Клюев охотно странствует по северной России, посещает монастыри. Все настойчивей овладевают им идеи мученичества, «Голгофы». Именно на этот период приходится и глубочайший кризис, который чуть было не привел поэта к полному отказу от творчества.
Стремление заглушить в себе поэта особенно захватывает Клюева в 1909-1910 годы. Не желая творить «красоту изреченную», Клюев, вдохновленный примерами А. Добролюбова и Л. Семенова, порывается «замолчать», отказаться от художественного творчества ради «молитвы». «Буду молчать, – пишет он Блоку в сентябре 1909 года. – Не знаю, верно ли, но думаю, что игра словами вредна, хоть и много копошится красивых слов,– позывы сказать, но лучше молчать.

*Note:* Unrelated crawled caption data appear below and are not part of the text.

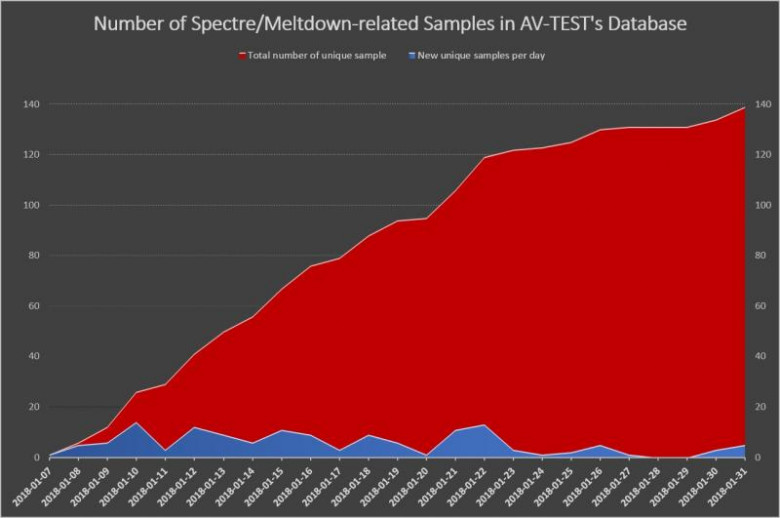 http://www.securityweek.com/sites/default/files/images/spectre-meltdown-chart-en.jpg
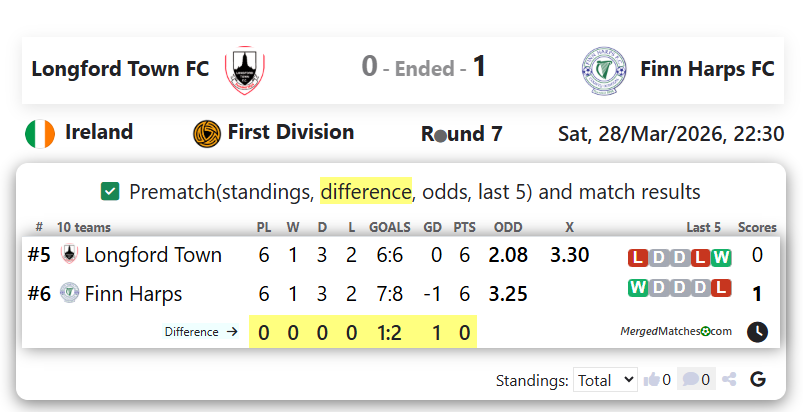 Longford Town FC Vs Finn Harps FC screenshot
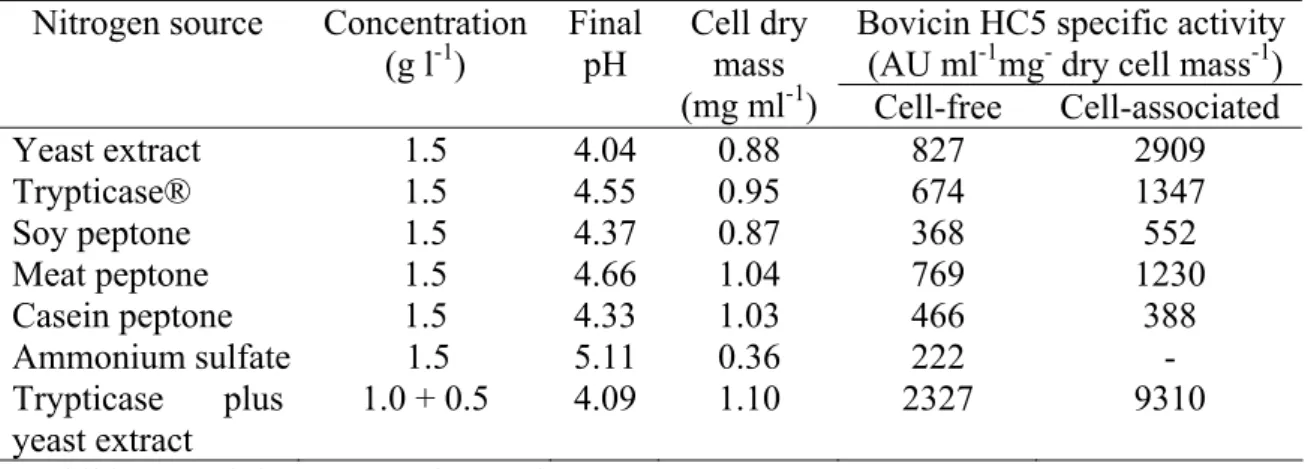 Table 2.2. Influence of nitrogen sources on cell growth and bovicin HC5 production by 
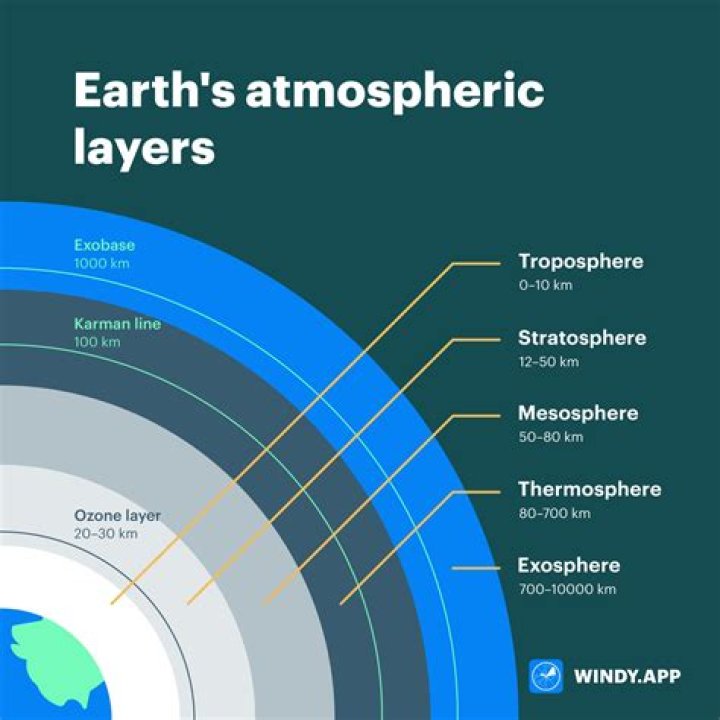 How many sphere are there in atmosphere
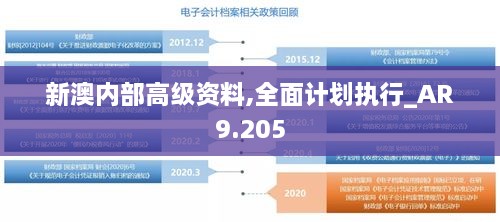 新澳內部高級資料,全面計劃執行_AR9.205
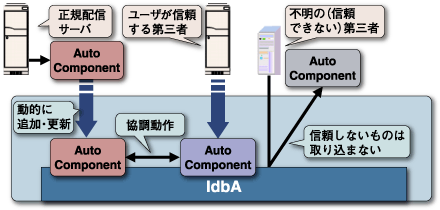 コンポーネントの配布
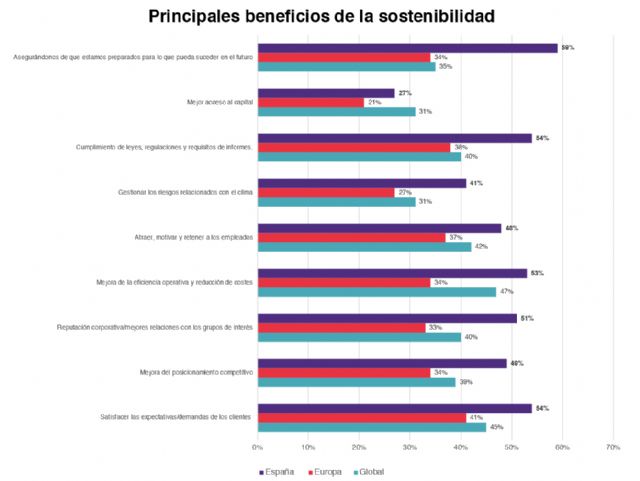 La mitad de los directivos españoles asegura no saber cómo medir la sostenibilidad en su empresa - 1, Foto 1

Бог с ними, со словами-стихами». Наиболее подробно Клюев обосновывает эту точку зрения в письме от 5 ноября 1910 года, посвященном разбору блоковской статьи «О современном состоянии русского символизма»:
«Современники словесники-символисты, – пишет Клюев в этом письме, – пройдя все стадии, все фазы слова, дошли до рубежа, за которым царство молчания – «пустая, далекая равнина, а над нею последнее предостережение – хвостастая звезда»,* [Слова из статьи Блока «О современном состоянии русского символизма»] поэтому они неизбежно должны замолчать, что случалось и раньше со многими из них, ужаснувшихся тщете своих художнических исканий. Как пример: недавно замолчавший Александр Добролюбов и год с небольшим назад умолкший Леонид Семенов. Человеческому слову всегда есть предел, молчание же беспредельно. Но перейти за черту человеческой речи* [Слова из стихотворения Блока «Снова иду я над этой пустынной равниной...» (1903); вошло в сб. «Нечаянная Радость».] – подвиг великий, для этого нужно иметь великую душу, а главное веру в жизнь и благодаренье за чудо бытия – за милые лица, за высокие звезды, за разум, за любовь... Познание же «Вечной красоты» возможно только при освобождении себя от желаний Мира и той наружной ложной красивости, которая людьми, не понимающими жизни, выдается за творчество, за искусство. Странным, конечно, покажется, что я, темный и нищий, кого любой символист посторонился бы на улице, рассуждаю про такой важный предмет, как искусство. Но я слушаюсь жизни, того, что не истребимо никакой революцией, что не подчинено никакой власти и силе, кроме власти жизни. И я знаю и верую, что близок час падения вавилона – искусства пестрой татуировки, которой, через мучительство и насилие, размалевали так наз<ываемые> художники – Мир».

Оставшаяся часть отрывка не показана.